Scraped caption text data
# # # #

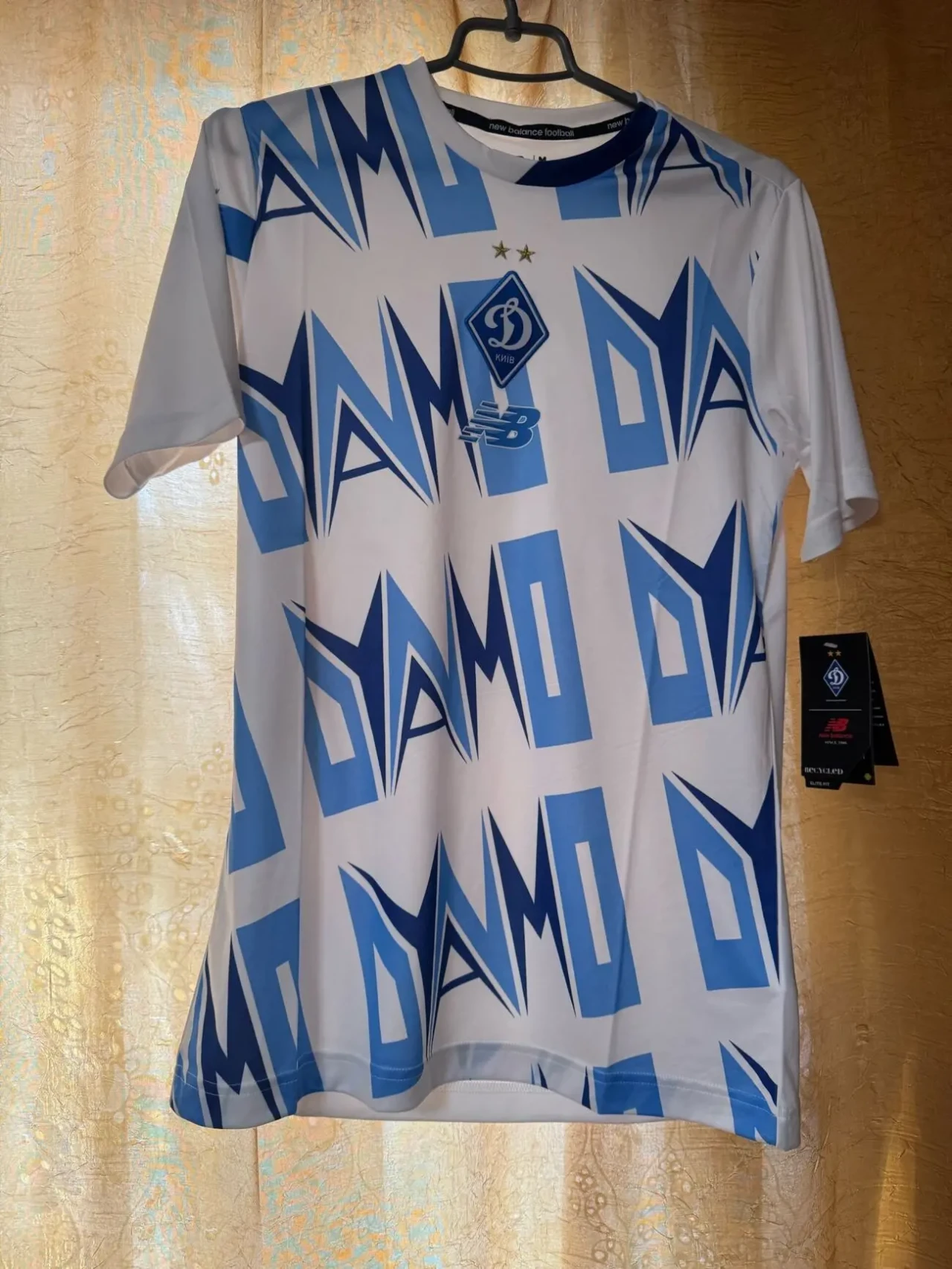 Футболка ФК Динамо Київ New Balance, біла з синім принтом (сезон 23/24 3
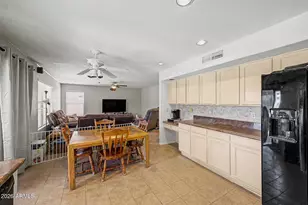 10405 W Primrose Dr, Avondale, AZ 85392 - Photo 5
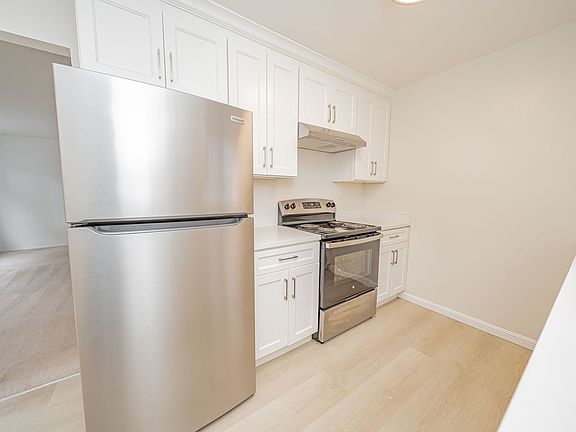 4th image of 3334 Brookdale Ave Unit 8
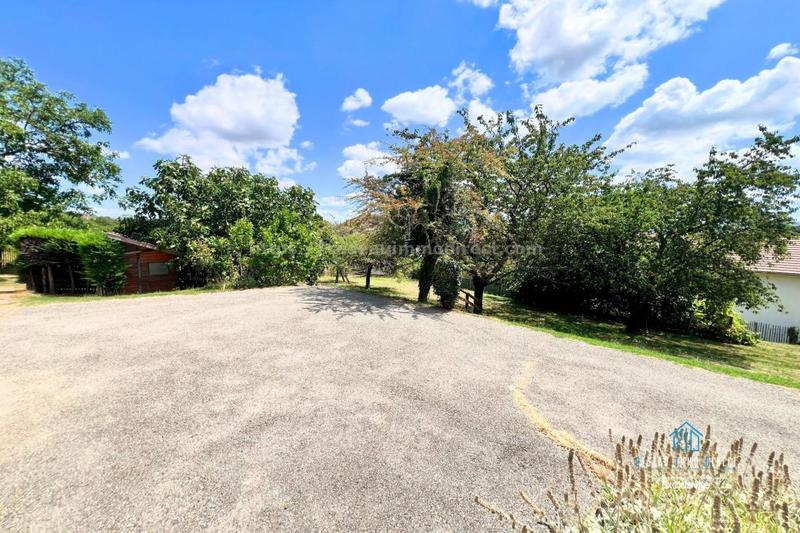 Maison traditionnelle - 148 m² - 6 pièces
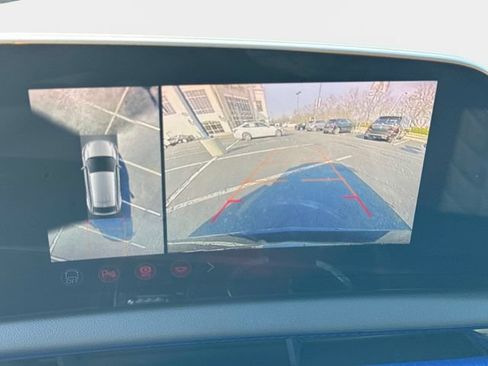 New 2026 Cadillac Optiq V w/ LPO, Floor Liner Package AWD/4WD image 20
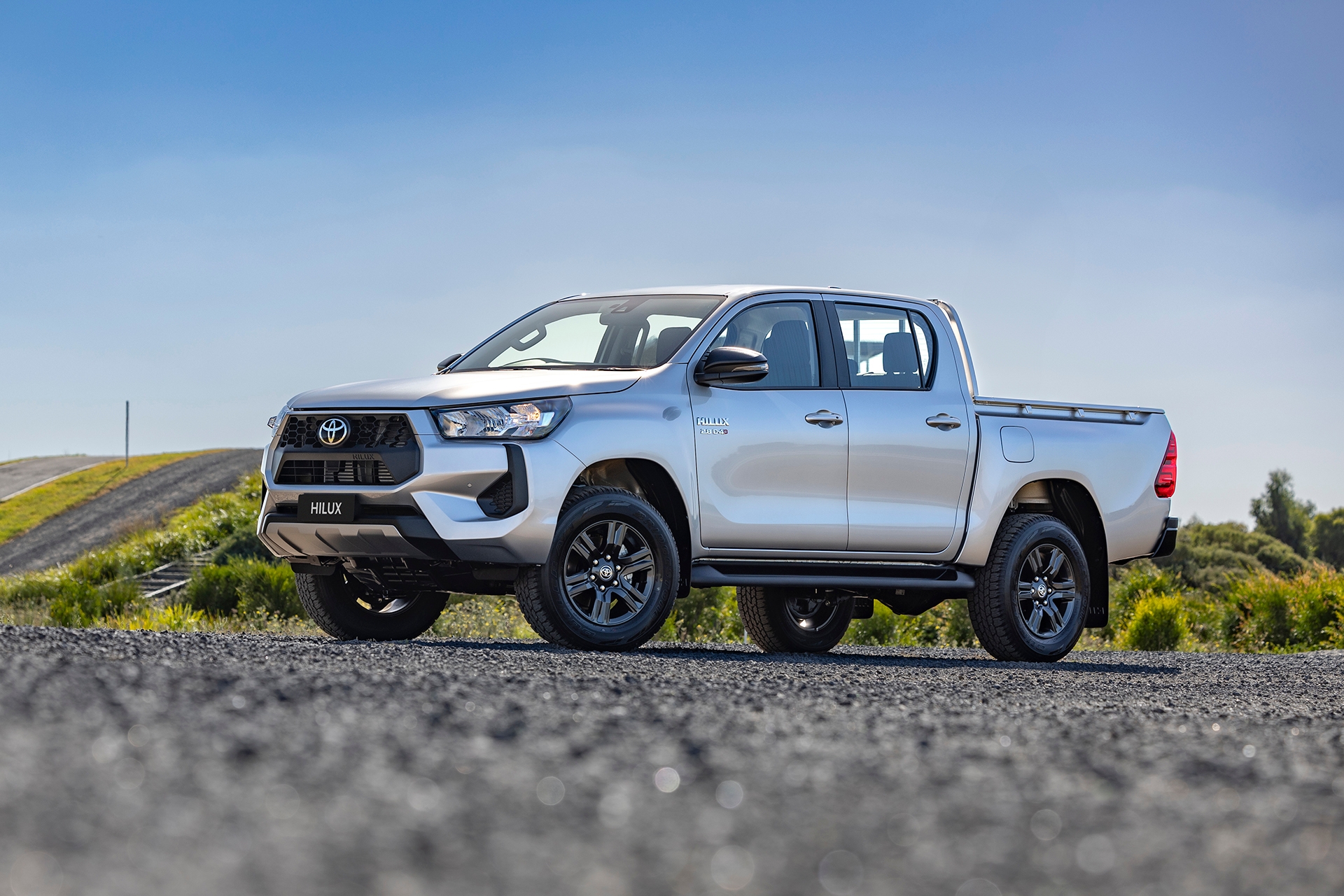 Toyota Hilux Hybrid silver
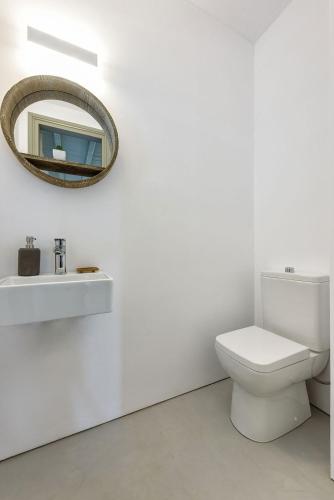 Gallery image of Rising Moon sea view villa near the beach in Molos Parou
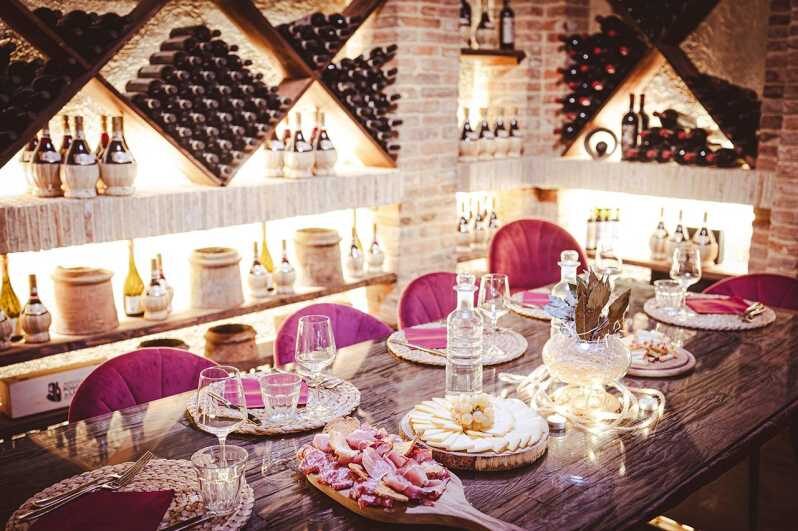 Classic: Lunch with Wine Tasting at Poggio ai Laghi Winery - Who Should Consider This Tour?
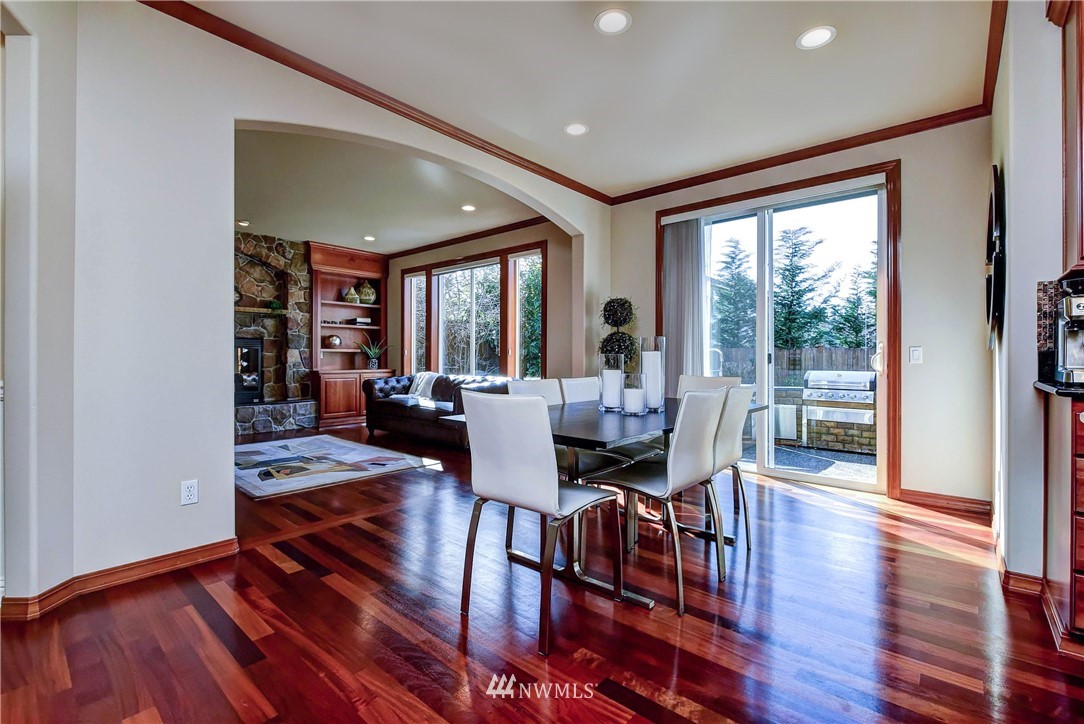 16539 124th Avenue Northeast Bothell, WA 98011 - Photo 9 of 36 Gallery Image 9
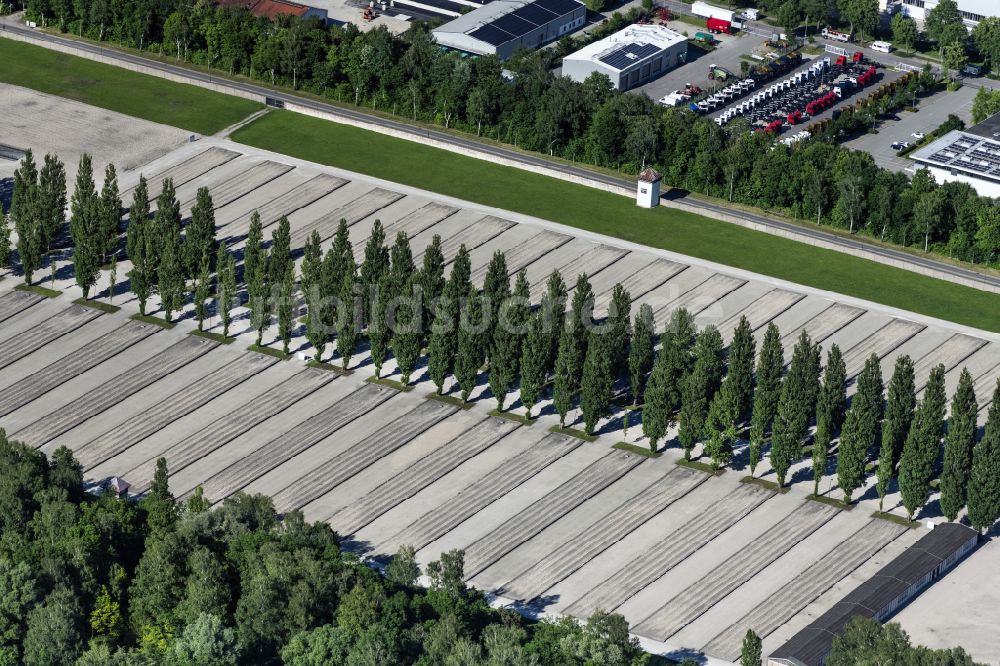 Luftaufnahme Dachau - Geschichts- Denkmal KZ- Gedenkstätte Dachau in Dachau im Bundesland Bayern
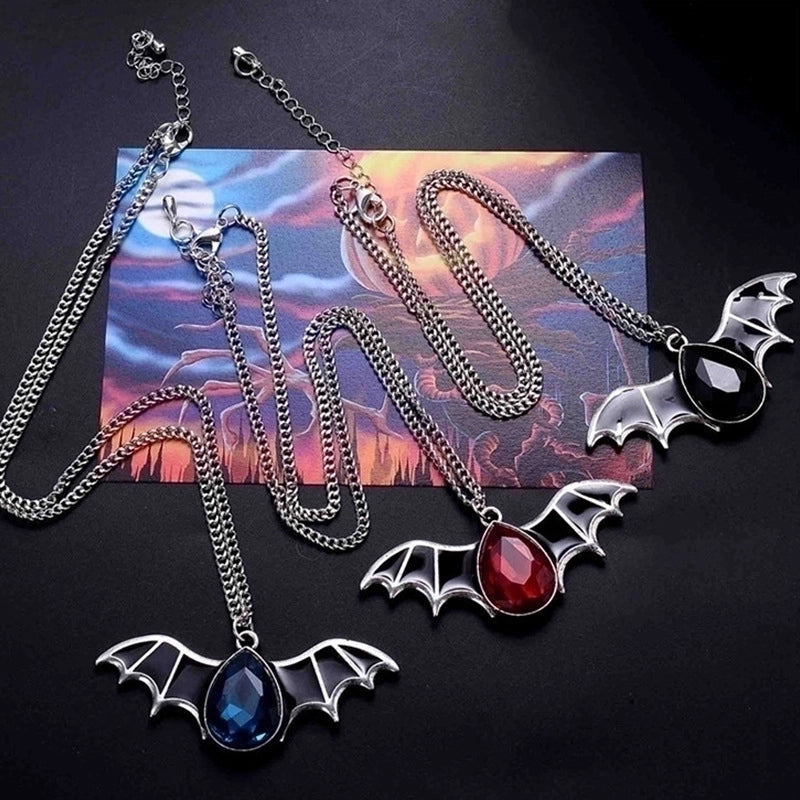 Gothic Bat Alloy Inlay Rhinestones Halloween Men’S Pendant Necklace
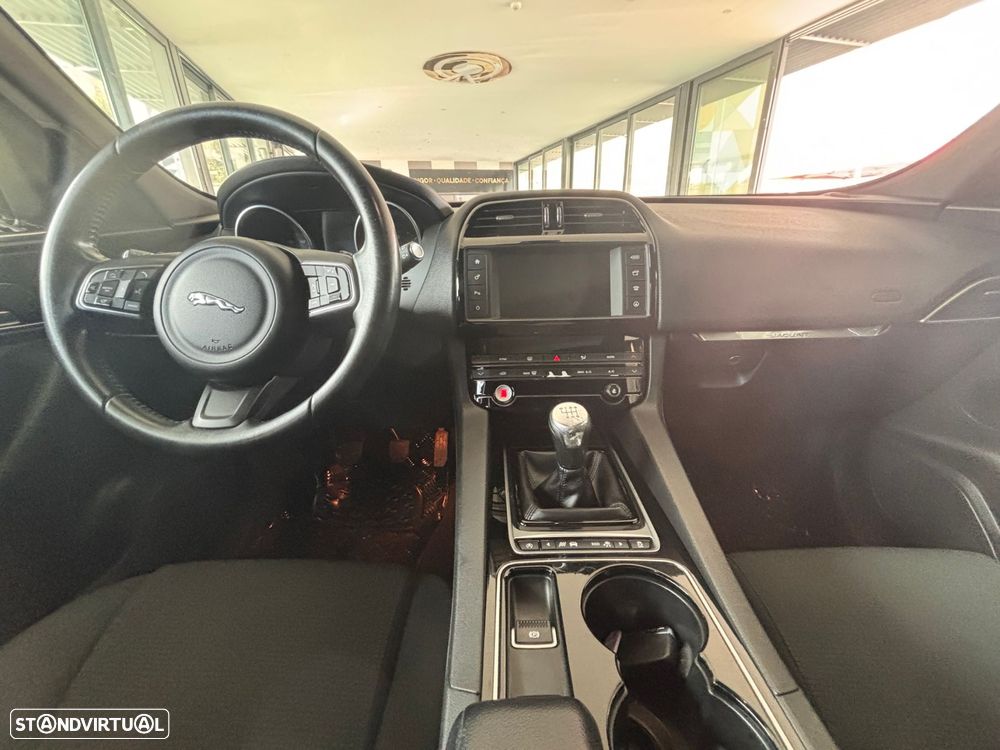 Jaguar F-Pace 2.0 i4D Pure - 14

# # # #

▸ Prompt
Output each record verbatim and leave out its pictures.

▸ Answer below
 Футболка ФК Динамо Київ New Balance, біла з синім принтом (сезон 23/24 3
 10405 W Primrose Dr, Avondale, AZ 85392 - Photo 5
 4th image of 3334 Brookdale Ave Unit 8
 Maison traditionnelle - 148 m² - 6 pièces
 New 2026 Cadillac Optiq V w/ LPO, Floor Liner Package AWD/4WD image 20
 Toyota Hilux Hybrid silver
 Gallery image of Rising Moon sea view villa near the beach in Molos Parou
 Classic: Lunch with Wine Tasting at Poggio ai Laghi Winery - Who Should Consider This Tour?
 16539 124th Avenue Northeast Bothell, WA 98011 - Photo 9 of 36 Gallery Image 9
 Luftaufnahme Dachau - Geschichts- Denkmal KZ- Gedenkstätte Dachau in Dachau im Bundesland Bayern
 Gothic Bat Alloy Inlay Rhinestones Halloween Men’S Pendant Necklace
 Jaguar F-Pace 2.0 i4D Pure - 14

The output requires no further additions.